■ WORK REQUEST
The copy must run from the line containing "Police Black Cellulose" through the final line of the records, both included, exactly as written. It should contain no pictures.

[[ PROVIDED DATA open ]]

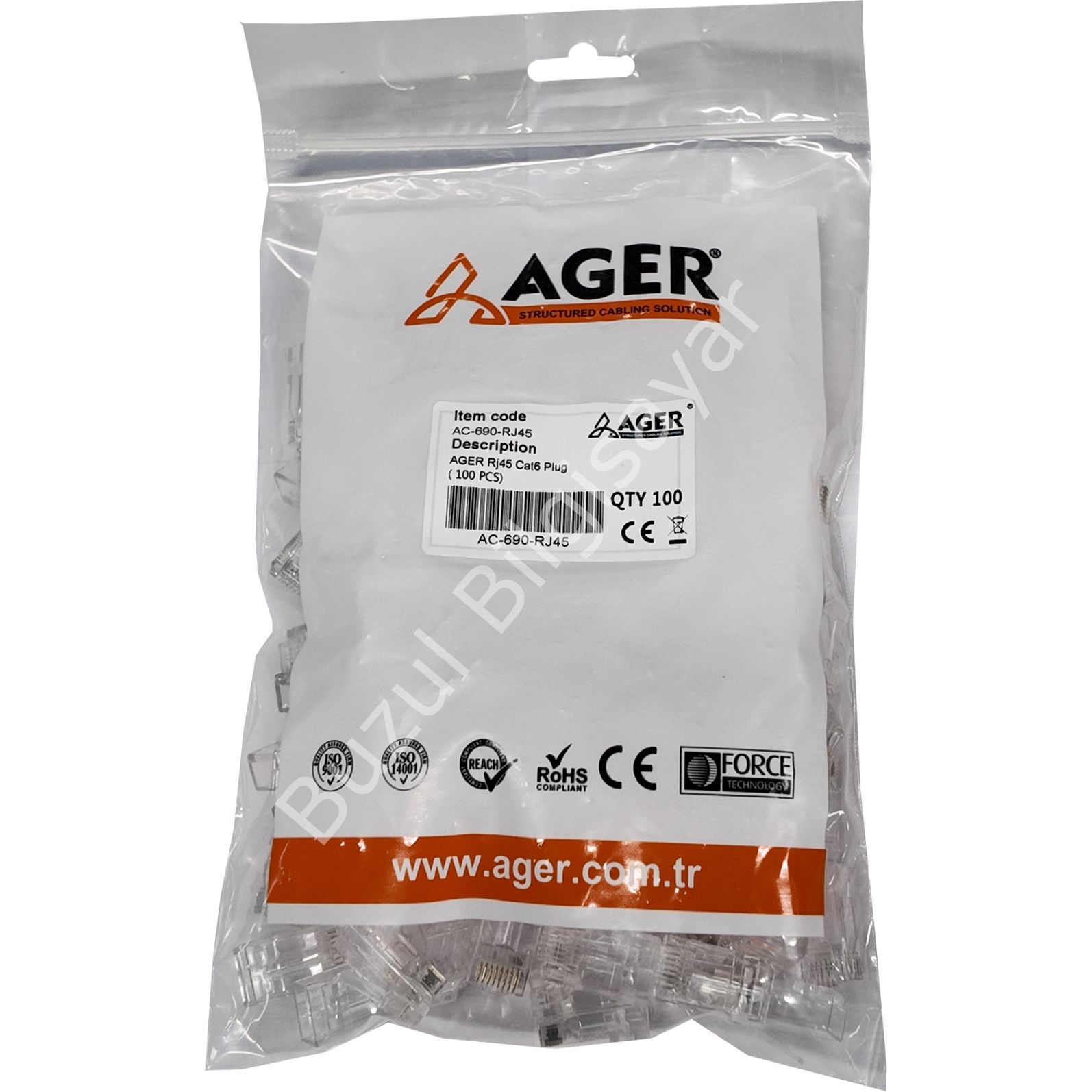 AGER AC-690-RJ45 EZ-PLUG YENİ NESİL CAT6 RJ45 KONNEKTÖR 100'LÜ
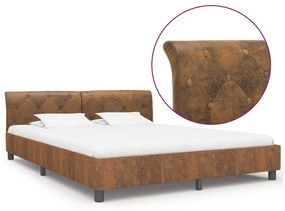 vidaXL Estrutura de cama 160x200 cm camurça artificial castanho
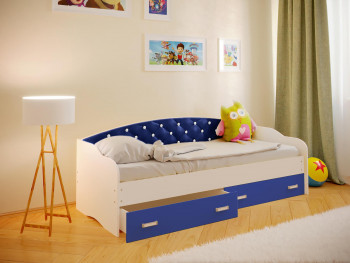 Кровать Софа-7 с мягкой спинкой со стразами (800х1900) Белый/Синий в Чулыме - chulym.mebel54.com | фото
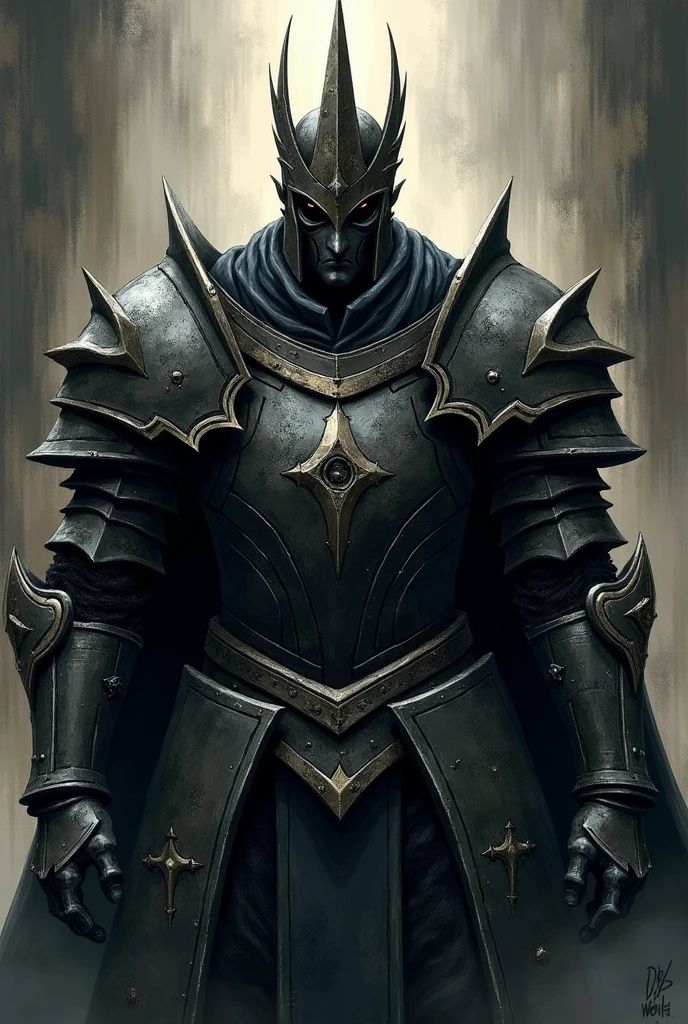 a drawing of a man in armor with a crown on his head, face of an armored villian, dark souls art style, scary knight, dark souls art, high detailed official artwork, in berserk manga, dark souls character, hyper detailed manga drawing, dark souls knight, undead knight, the dark souls knight, portrait of guts from berserk Full body image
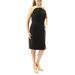 RALPH LAUREN Womens Black Slitted Cut Out Spaghetti Strap Crew Neck Knee Length Sheath Dress Size: 14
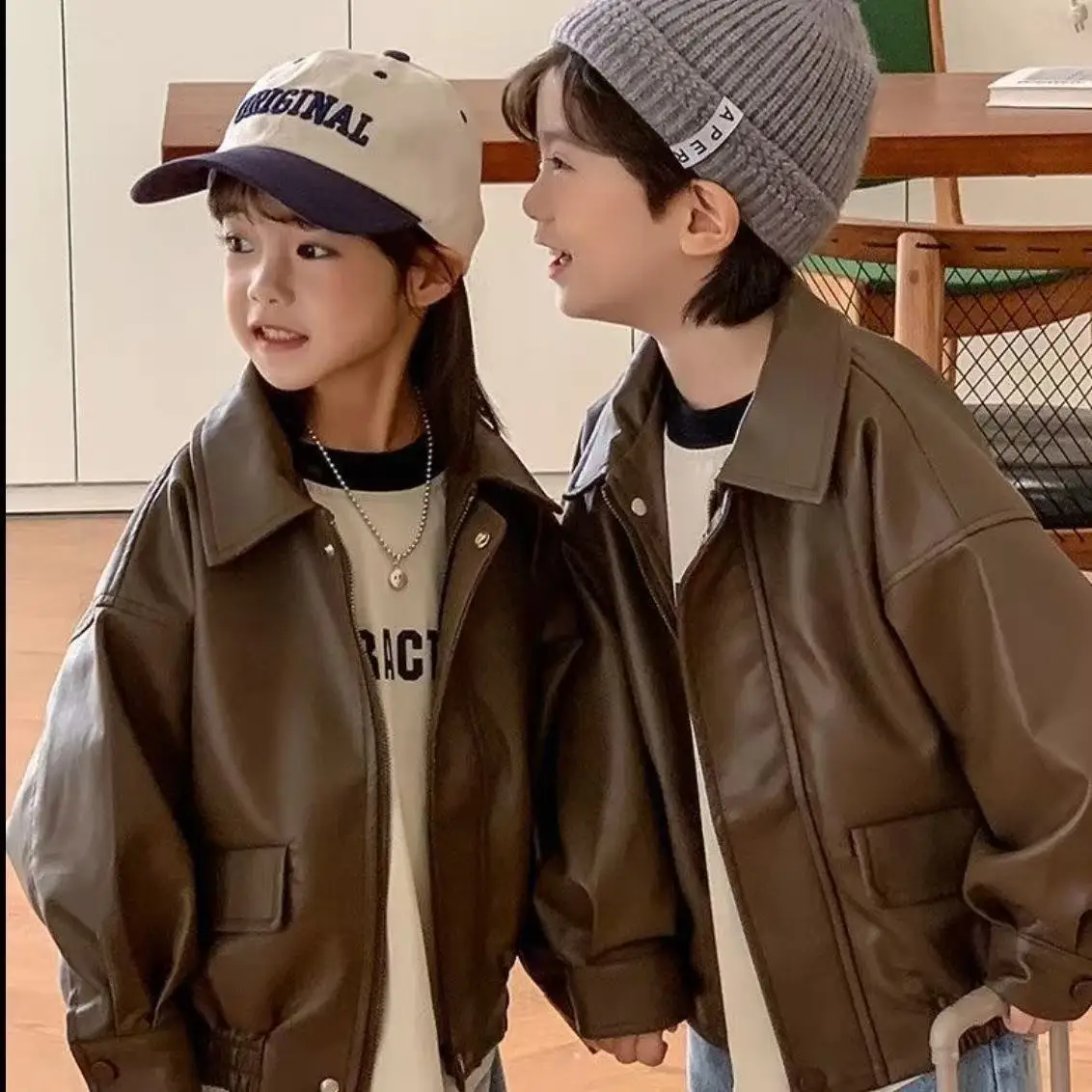 

Kids Girls' Autumn and Winter Coat Children's New Zipper Top Fashionable Motorcycle Leather Jacket for Baby Girls 90-150CM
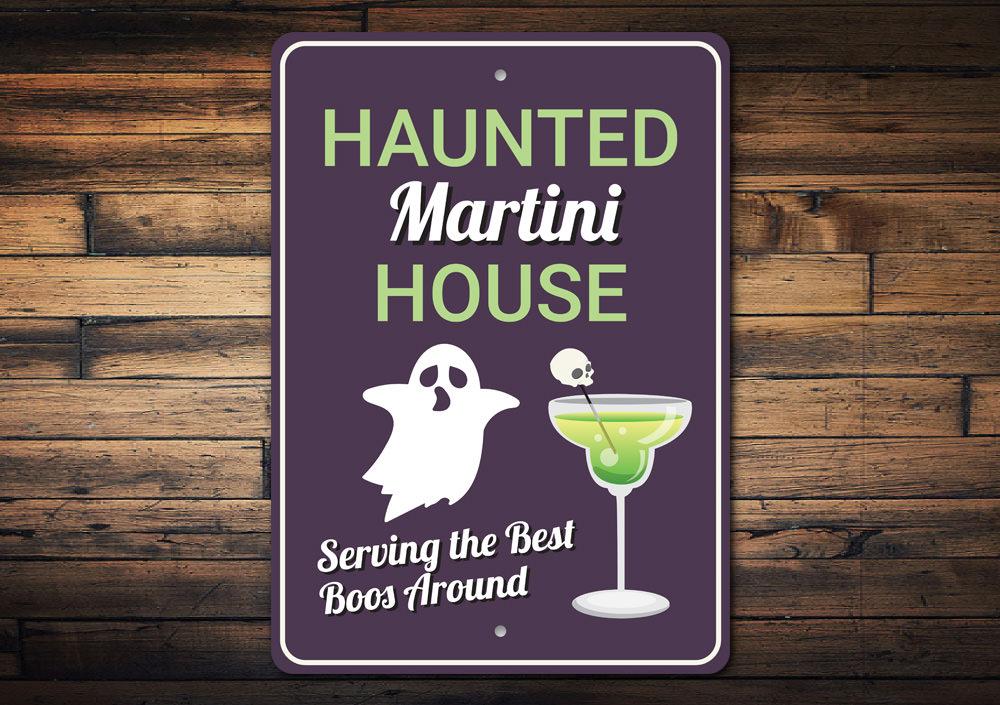 Haunted Martini House Sign featuring spooky design, perfect for Halloween decor.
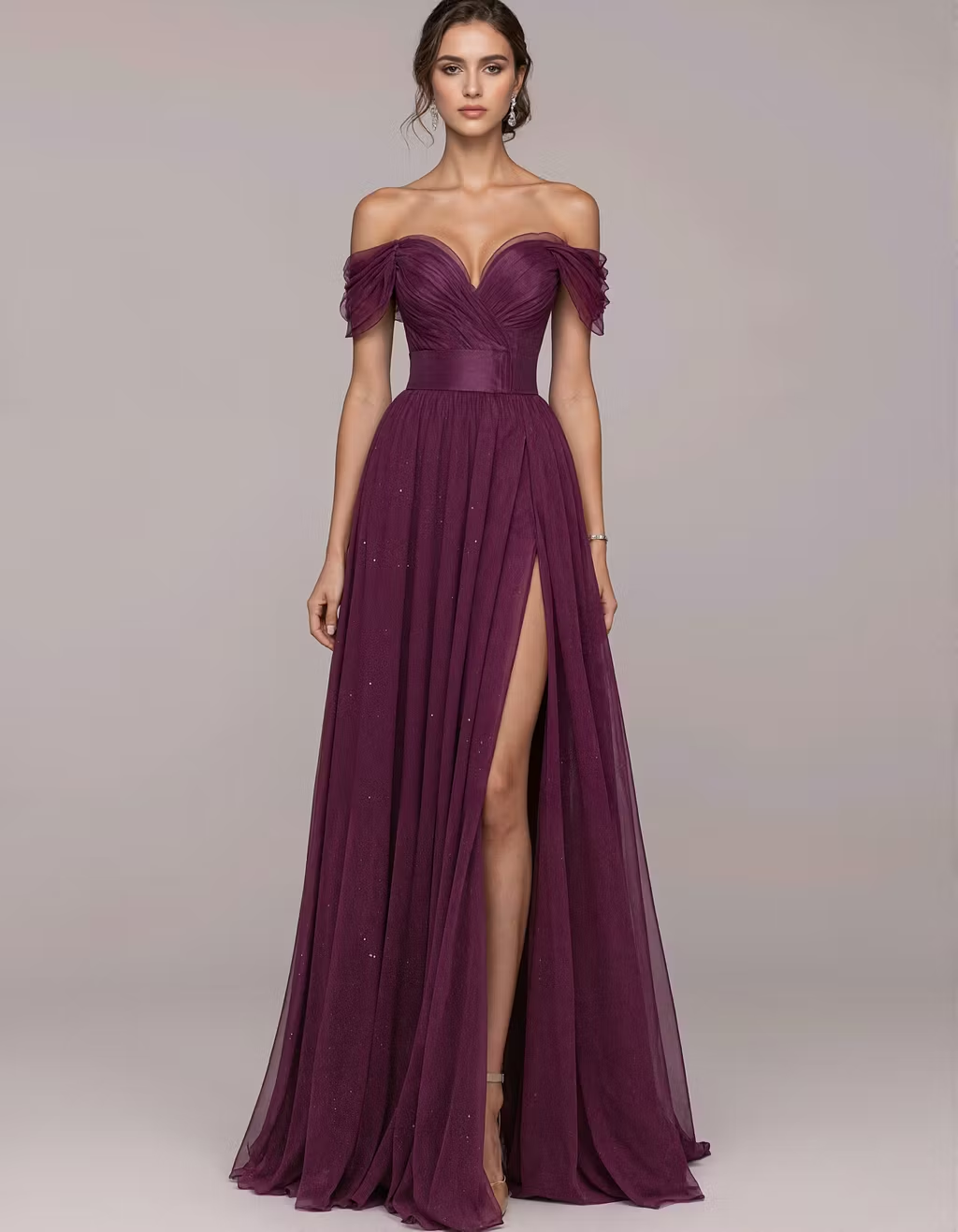 Plum Colored Off Shoulder Sweetheart Neck Chiffon Maxi Dress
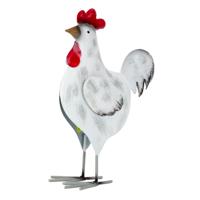 Tuin decoratie dieren/vogel beeldje - Kip/Haan - 21 cm - metaal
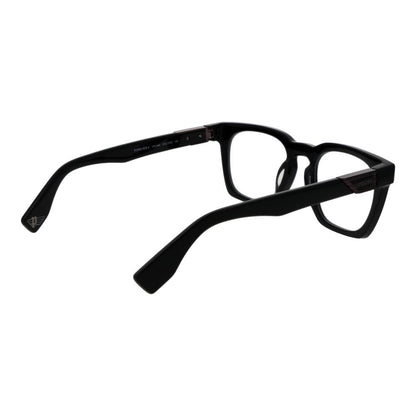 Police Black Cellulose Acetate Glasses (Frames), full-rim rectangle style, black color, 53-22-145 size, acetate material.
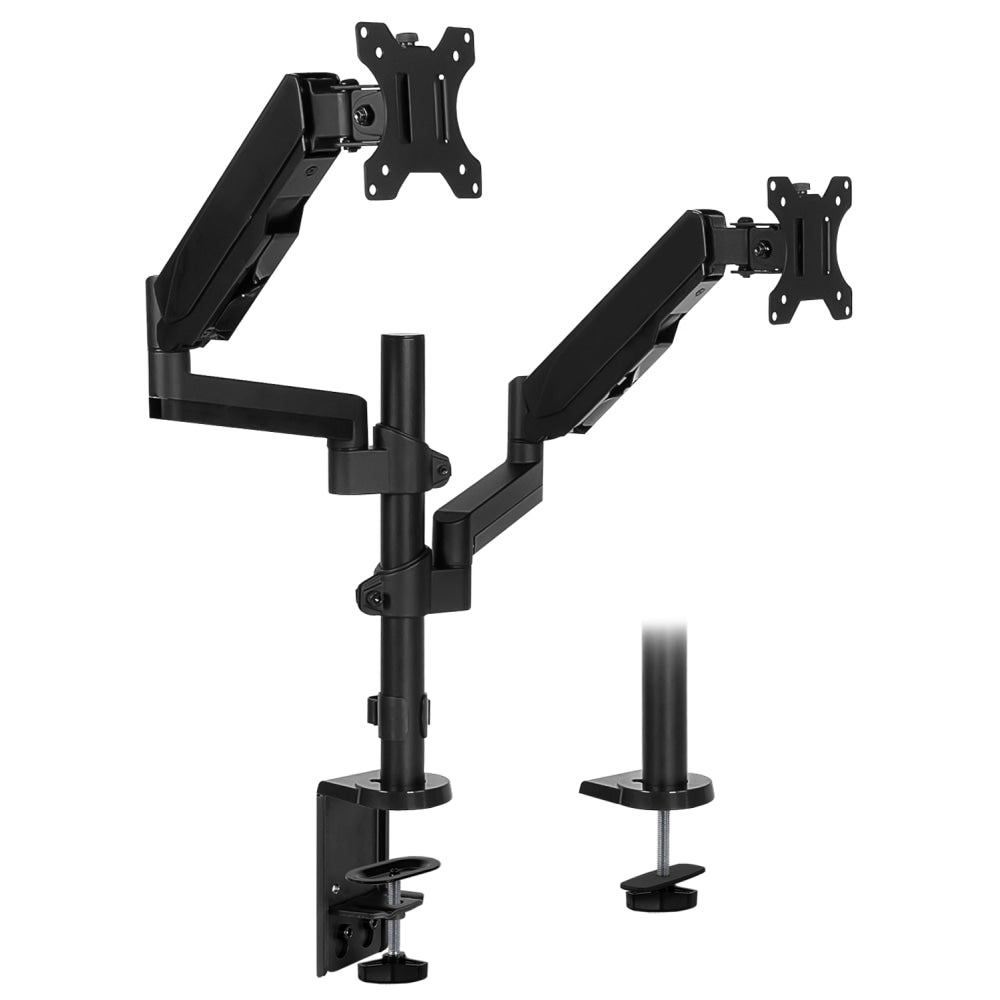 Mount-It! MI-4762 Dual-Monitor Arm Desk Mount, 17inH x 10inW x 4.3inD, Black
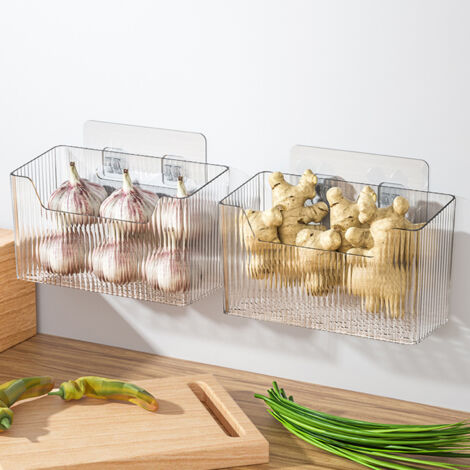 Rangement mural pour légumes - Boîte de stockage pour ail transparente sans perforation avec capacité spacieuse (20x19.5x12x8.5cm, Plastique) (1/5)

[[ PROVIDED DATA closed ]]

■ RESULT OF THE EXERCISE
 Police Black Cellulose Acetate Glasses (Frames), full-rim rectangle style, black color, 53-22-145 size, acetate material.
 Mount-It! MI-4762 Dual-Monitor Arm Desk Mount, 17inH x 10inW x 4.3inD, Black
 Rangement mural pour légumes - Boîte de stockage pour ail transparente sans perforation avec capacité spacieuse (20x19.5x12x8.5cm, Plastique) (1/5)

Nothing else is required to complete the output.